Task to complete → For each entry, restate it word for word while omitting any image it holds.

Data to examine →
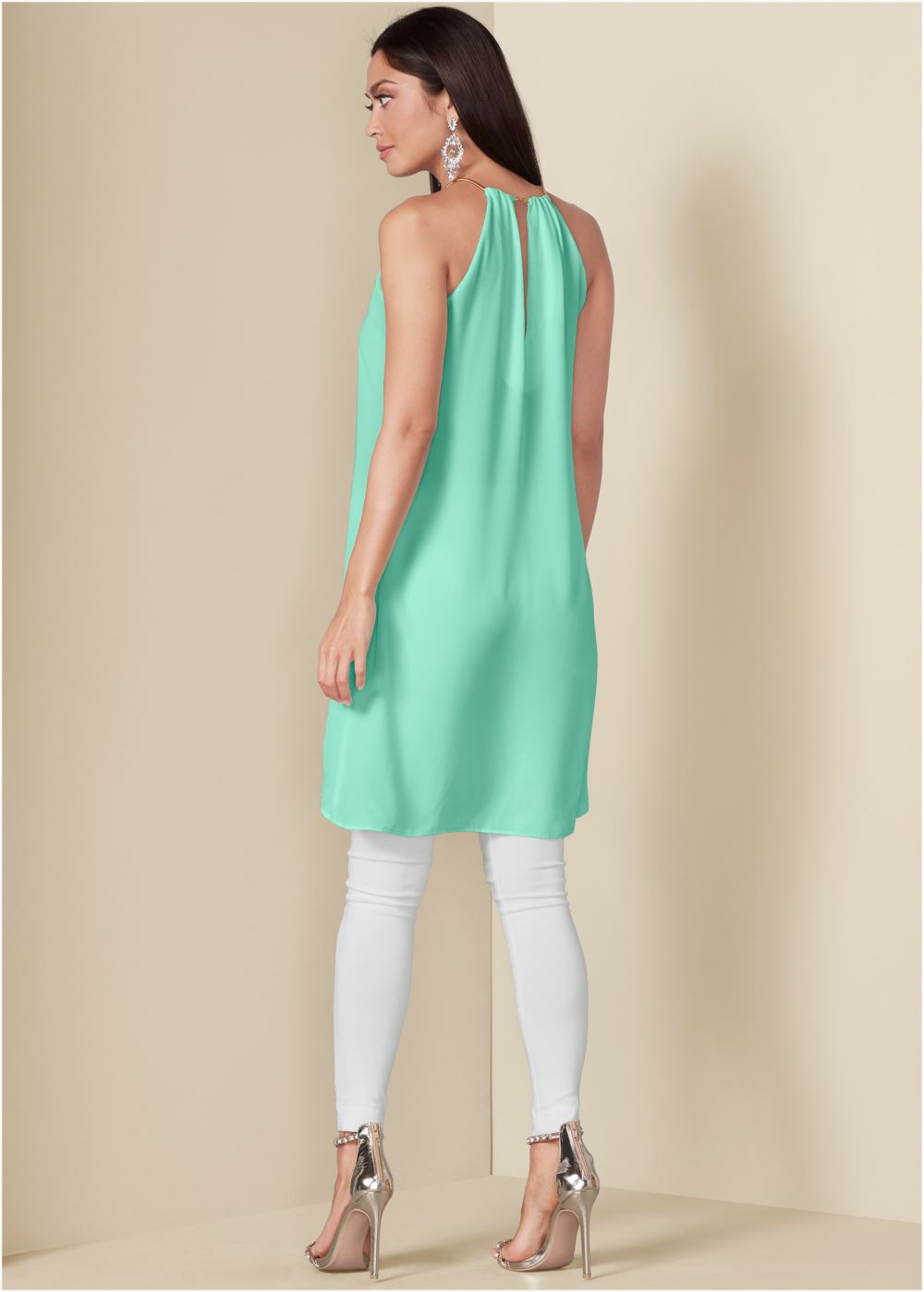 Venus High-Low Chain Detail Top in Mint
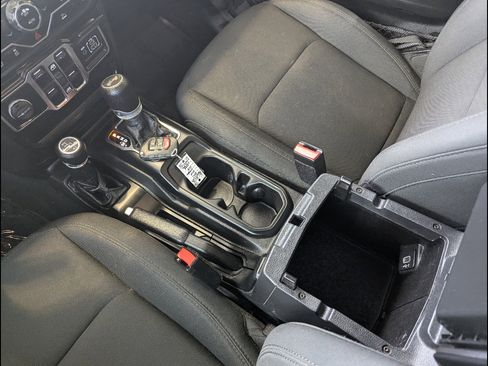 Used 2021 Jeep Wrangler Unlimited Sport AWD/4WD image 33
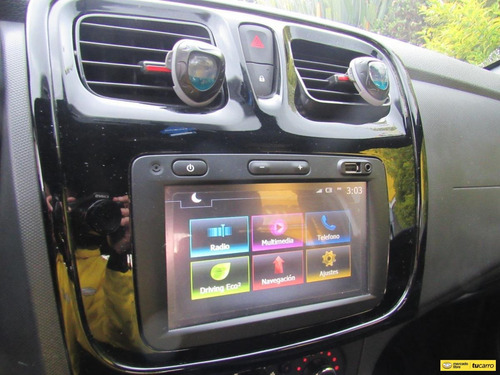 Imagen 14 de 25 de Renault Sandero 1.6 Polar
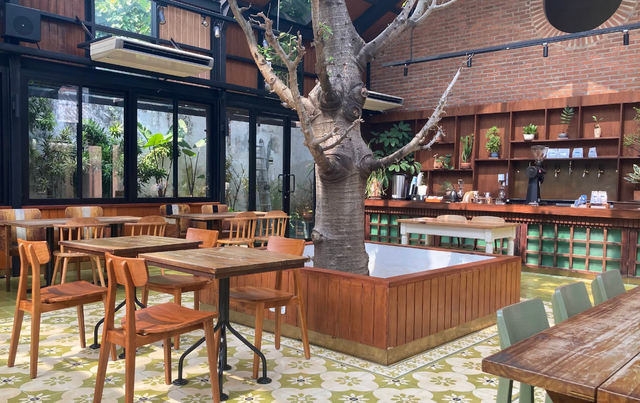 Ombé Kofie Menteng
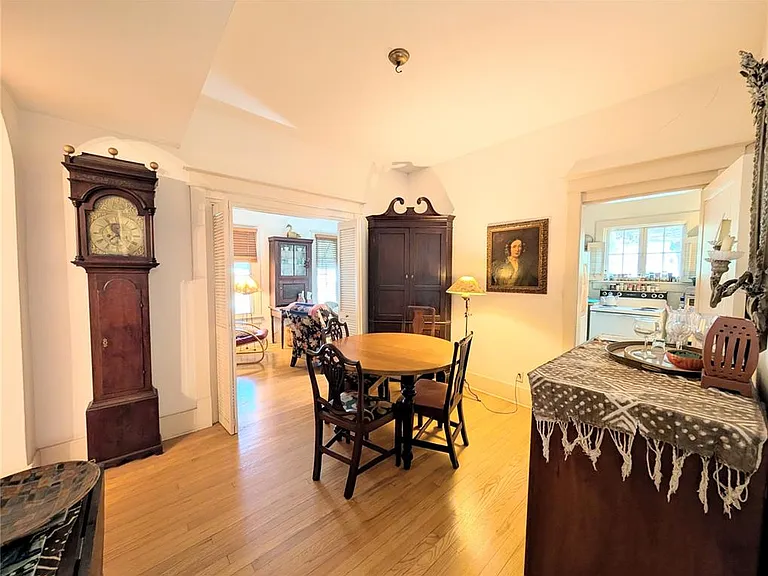 1701 Siesta Dr — Photo 11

Response below →
 Venus High-Low Chain Detail Top in Mint
 Used 2021 Jeep Wrangler Unlimited Sport AWD/4WD image 33
 Imagen 14 de 25 de Renault Sandero 1.6 Polar
 Ombé Kofie Menteng
 1701 Siesta Dr — Photo 11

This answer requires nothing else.